You know it is peculiar to the human condition that there isn’t anything in the order of life that isn’t unmixed good. That is what it means when we speak of a fallen human condition. We’ve all fallen. Actually, we didn’t fall; we jumped! A part of what that means is that there are no unmixed goods in the human order. That is why Paul cries out, “I know in me” (that is in my flesh) “dwelleth no good thing.” He had an agonizing sense of how inadequate and incomplete all people are in the flesh.

Did you ever see the movie, “Elvira Madagen?” It is a very heart-breaking story because it shows how the lovers are driven to the point where they actually have to eat grass because they lack a place.

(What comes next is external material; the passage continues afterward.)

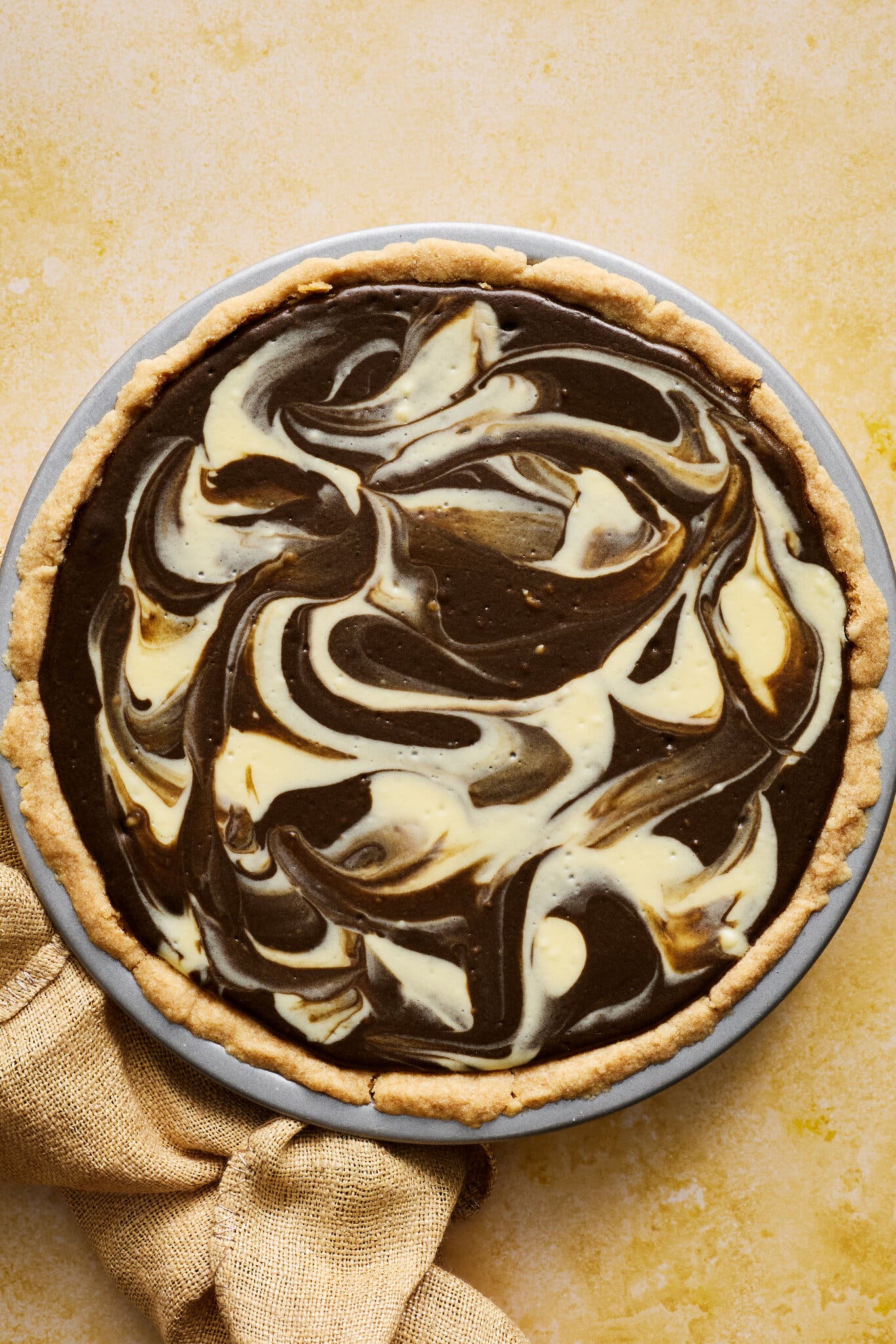 An overhead shot of a pie with marbled swirls of dark and light custard sitting on a light yellow background.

The illicit love was only part of the problem, and in a real sense secondary to the other circumstances which forced them, drove them to their death rather than give each other up.

All of the goods of life have their poisonous side if they are taken outside of the right kind of place. If they are not accepted with the right kind of limitation, they are poison. Salt is made out of two poisonous materials: sodium and chlorine. Either one will kill you alone. I sure do appreciate them together, don’t you? That is the way with place.

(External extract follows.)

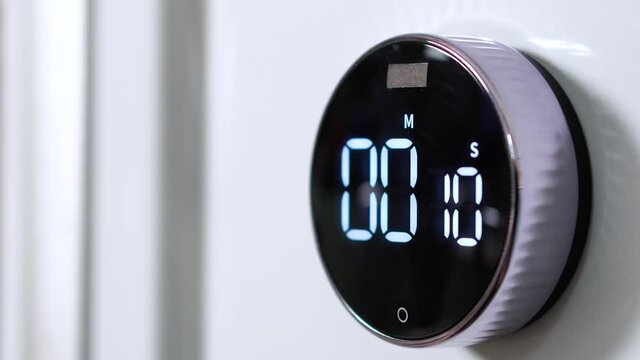 Closeup of gray round kitchen electronic and mechanical timer is set from 15 seconds to 0 and blinks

Now society has torn down place, and this is one of our main problems in our churches. The New Testament as it presents the Church, presents it peculiarly as a set of places, which are accepted, under God as the places in which God blesses us.

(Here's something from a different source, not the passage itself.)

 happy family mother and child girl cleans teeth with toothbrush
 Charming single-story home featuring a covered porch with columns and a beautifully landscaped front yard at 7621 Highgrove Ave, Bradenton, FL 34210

Peter speaks about the church as if it were a building made out of lively stones. “Living stones,” but I like the word lively better because it indicates with more clarity the nature of things. The lively stones keep jumping around and trying to be in another place. They would like to be in the corner stone’s place. That is very like human beings. Just think of a building built out of stones, which were hopping around all of the time—lively stones that reject their place.

Now on to other things, even though we have hardly touched on this topic. I only hope I have gotten you to think about welfare or blessedness as being something which is quite complex, which has three elements and in which God has appointed an order.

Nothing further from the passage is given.